The man put his arm on Temley’s shoulder, and it made him shudder. There was an energy from the man—a wave of chill that pulsed out from his bones. “What shall I call you?” asked Temley.

“Oh, of course. My manners are not what they were in life. I am Erak, Temley.”

“Erak,” said Temley. “It is my honor to serve the Queen through your commands.”

“And it is my honor to be in the presence of a man of your devotion, Temley. You were chosen for a reason. If it is possible for the Raven Queen to have
favorites, I believe you are one of them. There is a quality to her voice when she talks to me about you, Brother—a quality that I have never heard before. And it borders on something like pride.”
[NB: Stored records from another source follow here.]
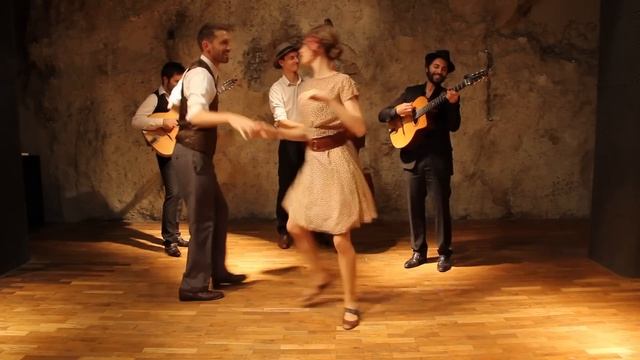 Peter and Alexia with Sunny Side - All of Me смотреть онлайн
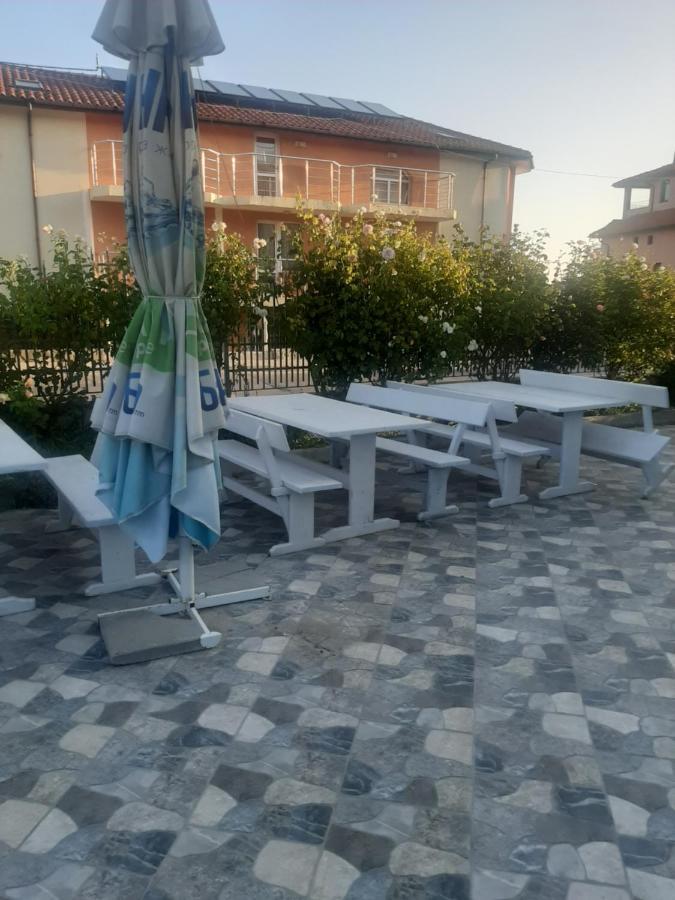 Family Hotel Coral Szozopol Kültér fotó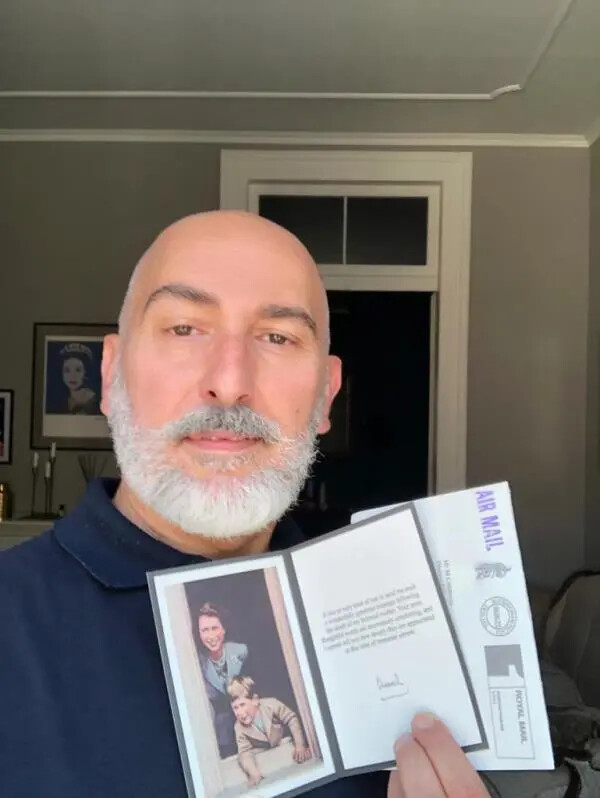 images Un'insolita corrispondenza tra Buckingham Palace e Catanzaro: la dolce lettera di Re Carlo III a Marco Calabrese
Temley felt his legs buckle at the notion. He reached out for the revenant and grasped him by the shoulders. Erak’s chill filled Temley’s body, but he was not overcome. He felt himself embrace the man who had filled his soul so completely with joy, and weep gently into his shoulder.

Erak pulled Temley in to himself, and rubbed his hair.

Temley returned to his cell to gather his belongings—his vestments and traveling gear, his emblems, and his sword. There, surrounded by his meager possessions—his wooden bowl, his thin mattress, his chair—he thought of his arrival at the temple, so many years ago.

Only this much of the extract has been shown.